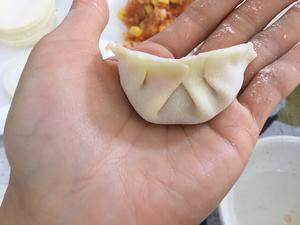 Dumpling shaped like a 'yuanbao' (gold ingot).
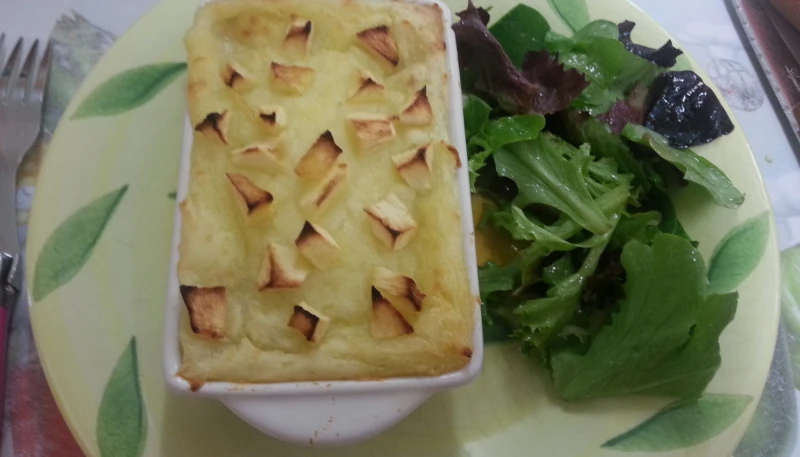 Parmentier de canard et compote de pommes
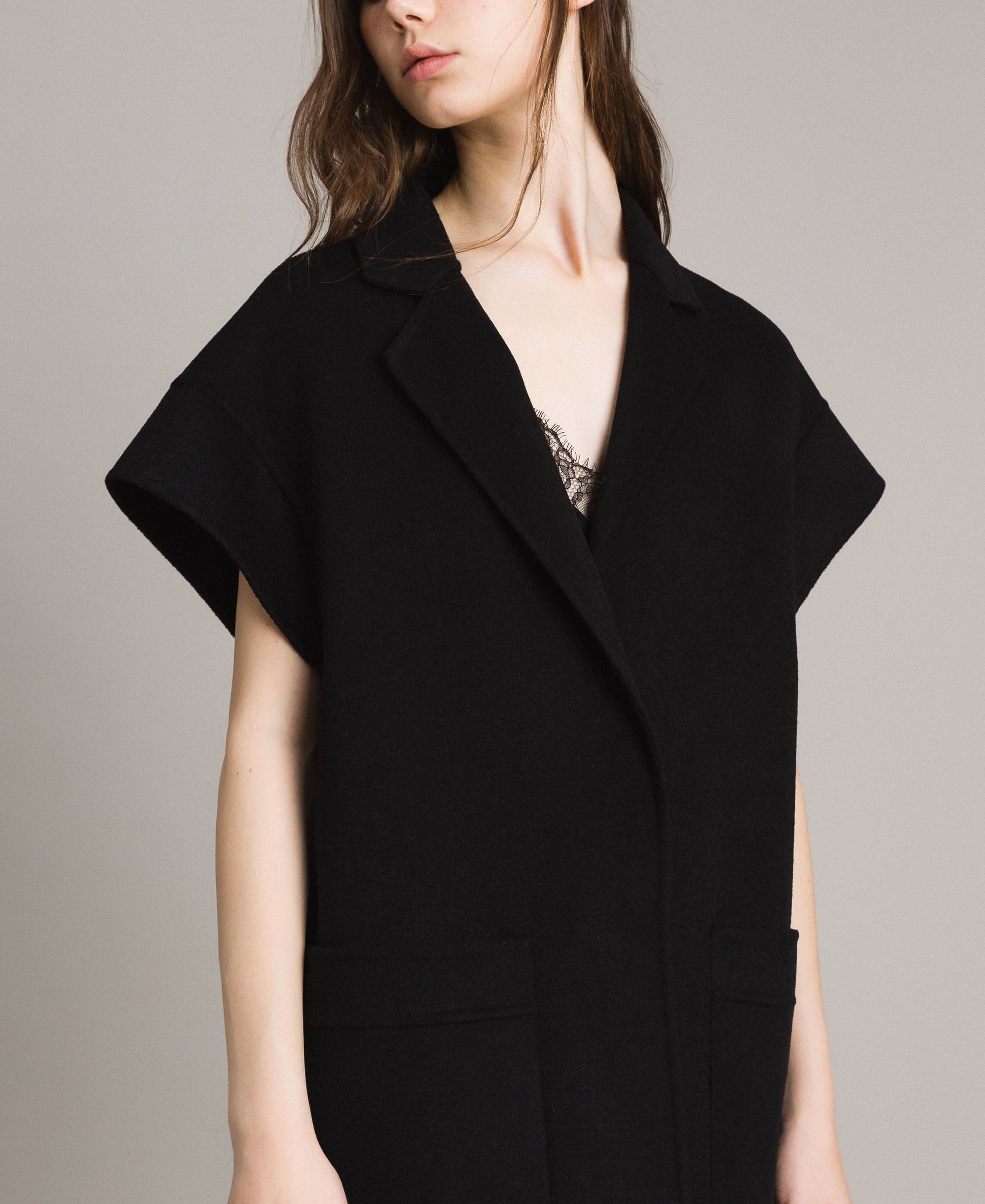 Gilet lungo con rever e profili a contrasto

Exercise requirements
Transcribe the data exactly, minus any images.

Output for this exercise
 Dumpling shaped like a 'yuanbao' (gold ingot).
 Parmentier de canard et compote de pommes
 Gilet lungo con rever e profili a contrasto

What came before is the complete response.